Let us step this up even higher. The offering of a son is of greater value than the offering of any animal. When Abraham offered Isaac, it was far greater in value than the offering of a lamb, ram, or even a bullock. In this case, God would not accept anything less than the very best. It had to be the offering of what was nearest and dearest to Abraham's heart. From this we learn that it is not just the intrinsic value of the gift, but also the relative cost to the giver to which God attaches the greatest importance of all. A widow's two mites can be a greater offering than all of the silver and gold a wealthy man can give.

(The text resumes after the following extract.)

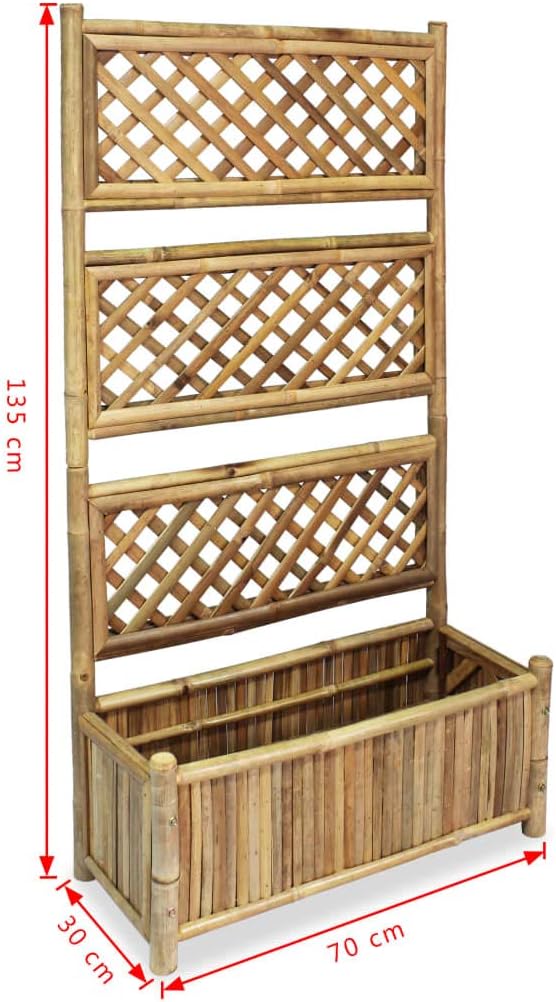 Wooden Garden Planter with Trellis Lattice Panels Freestanding Wood Plant Raised Bed for Outdoor Climbing Planting Yard Patio Decoration Acacia Wood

From this, then, we can extract another principle: The greatest gift of all is self-sacrifice.

John W. Ritenbaugh
Preparing to Be a Priest

2 Corinthians 5:14-15

Our acceptance of the blood of Christ that reconciles us to God puts us under obligation to live our lives from then on in submission to God's will.

John W. Ritenbaugh
Separation and Oneness With God

Ephesians 1:10

We say that we are "in Christ." We say that there is "one church." We say that there is "one Body," "one Family," "one Kingdom." What is said here in Ephesians 1 is where God is headed with all this. He will unite everybody who has ever been born and makes it into His Kingdom into one—one family, the God Family—one kingdom, the Kingdom of God. The church is simply the beginning of an awesome process—a tremendous project—that will eventually cover the 50 or 60 billion people who have ever lived on the face of this earth.

We who are now begotten children of God are at the prow of the ship, as it were, cutting the water as we forge ahead. It is our calling to have gotten in on the ground floor, the very beginning of the process. We have entered the process even before all of the great men and women we have read about in the histories of the nations. They will get their opportunity, but we are way ahead of them.

Why has God had to do this? The basic cause is what happened in the Garden of Eden. Adam and Eve sinned. Sin is disruptive; it divides, and it divided our first parents away from the one Family. As Paul says in Romans 5:12, "All have sinned." We have all sinned—maybe not exactly as Adam and Eve did, but everybody has sinned. We have followed our parents in becoming separated from God. Sin divides away from God, and man from man. The world has been shattered by sin. One could say, then, that the central object of salvation is to reunite all mankind into one Family.

John W. Ritenbaugh
Unity (Part 6): Ephesians 4 (C)

Ephesians 3:8-11

Paul says virtually the same thing here that he says in chapter one. He just changes the vocabulary. What have we been called or invited to? To be one with God—to be in His Family, His Church, and His Kingdom—all of these are a progression of the same basic thought. God is drawing everybody to Him, to be one with Him (a unity that was broken in Adam and Eve's sin of submitting to Satan rather than submitting to God).

John W. Ritenbaugh
Unity (Part 6): Ephesians 4 (C)

James 3:16

This verse shows why the Day of Atonement is needed. It is a day that pictures at-one-ment, the state of being at one. It is needed because men are horribly divided from one another. Some are trying to pull the nations of the earth together as one, but their attempt will fail because it does not originate from God and is not being conducted in a godly manner. It is not being orchestrated by God or His Son, Jesus Christ, and is, instead, being done in a carnal way, which will produce the exact same fruits that all of the other past efforts at unification have produced—division, destruction, and death! In this, we are witnessing a major, worldwide attempt to bring the earth together under one, anti-God system, even as was attempted in Genesis 11.